**REQUIRED ACTION**: With spelling and spacing unchanged, write out each line of the material.
───── SUPPLIED DATA
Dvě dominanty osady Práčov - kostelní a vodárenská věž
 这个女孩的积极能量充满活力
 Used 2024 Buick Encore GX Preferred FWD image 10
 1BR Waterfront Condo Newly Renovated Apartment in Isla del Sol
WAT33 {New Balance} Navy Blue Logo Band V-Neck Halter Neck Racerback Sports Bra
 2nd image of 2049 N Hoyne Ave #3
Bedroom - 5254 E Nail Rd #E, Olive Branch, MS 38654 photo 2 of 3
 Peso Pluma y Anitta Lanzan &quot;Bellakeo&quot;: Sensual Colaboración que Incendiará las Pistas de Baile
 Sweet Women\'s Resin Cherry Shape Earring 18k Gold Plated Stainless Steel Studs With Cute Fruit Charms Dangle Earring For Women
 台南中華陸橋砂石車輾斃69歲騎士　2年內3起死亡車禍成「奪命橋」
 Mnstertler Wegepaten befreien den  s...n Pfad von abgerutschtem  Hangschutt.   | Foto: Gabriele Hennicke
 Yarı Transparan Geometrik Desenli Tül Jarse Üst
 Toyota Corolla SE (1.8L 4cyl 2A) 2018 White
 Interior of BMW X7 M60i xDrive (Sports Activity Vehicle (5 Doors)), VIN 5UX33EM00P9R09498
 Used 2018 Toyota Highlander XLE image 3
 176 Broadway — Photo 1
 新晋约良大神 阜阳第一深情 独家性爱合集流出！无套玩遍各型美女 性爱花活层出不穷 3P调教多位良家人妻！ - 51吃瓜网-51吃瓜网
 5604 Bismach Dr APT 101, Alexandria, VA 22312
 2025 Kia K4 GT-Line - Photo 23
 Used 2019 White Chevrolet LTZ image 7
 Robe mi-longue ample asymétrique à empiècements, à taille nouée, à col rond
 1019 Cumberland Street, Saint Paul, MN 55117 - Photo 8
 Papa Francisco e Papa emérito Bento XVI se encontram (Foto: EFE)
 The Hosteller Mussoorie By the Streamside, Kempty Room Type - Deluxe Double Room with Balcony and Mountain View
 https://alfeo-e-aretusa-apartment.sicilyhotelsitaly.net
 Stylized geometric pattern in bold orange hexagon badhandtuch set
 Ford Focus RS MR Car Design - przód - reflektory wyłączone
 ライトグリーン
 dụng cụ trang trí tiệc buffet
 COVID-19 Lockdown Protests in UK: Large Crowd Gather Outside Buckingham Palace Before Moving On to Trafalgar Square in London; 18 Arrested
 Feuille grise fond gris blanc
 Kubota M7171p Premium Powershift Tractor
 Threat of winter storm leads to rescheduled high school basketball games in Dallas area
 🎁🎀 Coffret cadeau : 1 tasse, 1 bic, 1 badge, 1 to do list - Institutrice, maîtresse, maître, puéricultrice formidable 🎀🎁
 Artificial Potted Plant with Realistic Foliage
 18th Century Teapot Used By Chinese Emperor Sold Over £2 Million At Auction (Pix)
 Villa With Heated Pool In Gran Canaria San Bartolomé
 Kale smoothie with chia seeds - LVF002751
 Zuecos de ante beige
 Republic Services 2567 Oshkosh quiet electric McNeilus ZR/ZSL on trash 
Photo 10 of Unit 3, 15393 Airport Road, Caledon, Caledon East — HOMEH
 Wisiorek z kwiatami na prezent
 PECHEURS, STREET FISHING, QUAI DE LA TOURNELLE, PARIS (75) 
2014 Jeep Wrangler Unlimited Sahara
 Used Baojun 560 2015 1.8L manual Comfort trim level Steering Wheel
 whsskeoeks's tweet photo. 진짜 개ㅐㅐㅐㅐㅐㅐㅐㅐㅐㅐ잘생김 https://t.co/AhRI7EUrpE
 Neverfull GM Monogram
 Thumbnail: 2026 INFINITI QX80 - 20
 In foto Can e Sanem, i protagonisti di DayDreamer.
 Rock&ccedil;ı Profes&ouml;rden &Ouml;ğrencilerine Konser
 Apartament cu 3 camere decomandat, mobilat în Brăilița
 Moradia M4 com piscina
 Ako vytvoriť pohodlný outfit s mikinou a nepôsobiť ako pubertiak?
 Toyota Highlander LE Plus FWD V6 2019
──────────
**ANSWER SECTION**:
Dvě dominanty osady Práčov - kostelní a vodárenská věž
 这个女孩的积极能量充满活力
 Used 2024 Buick Encore GX Preferred FWD image 10
 1BR Waterfront Condo Newly Renovated Apartment in Isla del Sol
WAT33 {New Balance} Navy Blue Logo Band V-Neck Halter Neck Racerback Sports Bra
 2nd image of 2049 N Hoyne Ave #3
Bedroom - 5254 E Nail Rd #E, Olive Branch, MS 38654 photo 2 of 3
 Peso Pluma y Anitta Lanzan &quot;Bellakeo&quot;: Sensual Colaboración que Incendiará las Pistas de Baile
 Sweet Women\'s Resin Cherry Shape Earring 18k Gold Plated Stainless Steel Studs With Cute Fruit Charms Dangle Earring For Women
 台南中華陸橋砂石車輾斃69歲騎士　2年內3起死亡車禍成「奪命橋」
 Mnstertler Wegepaten befreien den  s...n Pfad von abgerutschtem  Hangschutt.   | Foto: Gabriele Hennicke
 Yarı Transparan Geometrik Desenli Tül Jarse Üst
 Toyota Corolla SE (1.8L 4cyl 2A) 2018 White
 Interior of BMW X7 M60i xDrive (Sports Activity Vehicle (5 Doors)), VIN 5UX33EM00P9R09498
 Used 2018 Toyota Highlander XLE image 3
 176 Broadway — Photo 1
 新晋约良大神 阜阳第一深情 独家性爱合集流出！无套玩遍各型美女 性爱花活层出不穷 3P调教多位良家人妻！ - 51吃瓜网-51吃瓜网
 5604 Bismach Dr APT 101, Alexandria, VA 22312
 2025 Kia K4 GT-Line - Photo 23
 Used 2019 White Chevrolet LTZ image 7
 Robe mi-longue ample asymétrique à empiècements, à taille nouée, à col rond
 1019 Cumberland Street, Saint Paul, MN 55117 - Photo 8
 Papa Francisco e Papa emérito Bento XVI se encontram (Foto: EFE)
 The Hosteller Mussoorie By the Streamside, Kempty Room Type - Deluxe Double Room with Balcony and Mountain View
 https://alfeo-e-aretusa-apartment.sicilyhotelsitaly.net
 Stylized geometric pattern in bold orange hexagon badhandtuch set
 Ford Focus RS MR Car Design - przód - reflektory wyłączone
 ライトグリーン
 dụng cụ trang trí tiệc buffet
 COVID-19 Lockdown Protests in UK: Large Crowd Gather Outside Buckingham Palace Before Moving On to Trafalgar Square in London; 18 Arrested
 Feuille grise fond gris blanc
 Kubota M7171p Premium Powershift Tractor
 Threat of winter storm leads to rescheduled high school basketball games in Dallas area
 🎁🎀 Coffret cadeau : 1 tasse, 1 bic, 1 badge, 1 to do list - Institutrice, maîtresse, maître, puéricultrice formidable 🎀🎁
 Artificial Potted Plant with Realistic Foliage
 18th Century Teapot Used By Chinese Emperor Sold Over £2 Million At Auction (Pix)
 Villa With Heated Pool In Gran Canaria San Bartolomé
 Kale smoothie with chia seeds - LVF002751
 Zuecos de ante beige
 Republic Services 2567 Oshkosh quiet electric McNeilus ZR/ZSL on trash 
Photo 10 of Unit 3, 15393 Airport Road, Caledon, Caledon East — HOMEH
 Wisiorek z kwiatami na prezent
 PECHEURS, STREET FISHING, QUAI DE LA TOURNELLE, PARIS (75) 
2014 Jeep Wrangler Unlimited Sahara
 Used Baojun 560 2015 1.8L manual Comfort trim level Steering Wheel
 whsskeoeks's tweet photo. 진짜 개ㅐㅐㅐㅐㅐㅐㅐㅐㅐㅐ잘생김 https://t.co/AhRI7EUrpE
 Neverfull GM Monogram
 Thumbnail: 2026 INFINITI QX80 - 20
 In foto Can e Sanem, i protagonisti di DayDreamer.
 Rock&ccedil;ı Profes&ouml;rden &Ouml;ğrencilerine Konser
 Apartament cu 3 camere decomandat, mobilat în Brăilița
 Moradia M4 com piscina
 Ako vytvoriť pohodlný outfit s mikinou a nepôsobiť ako pubertiak?
 Toyota Highlander LE Plus FWD V6 2019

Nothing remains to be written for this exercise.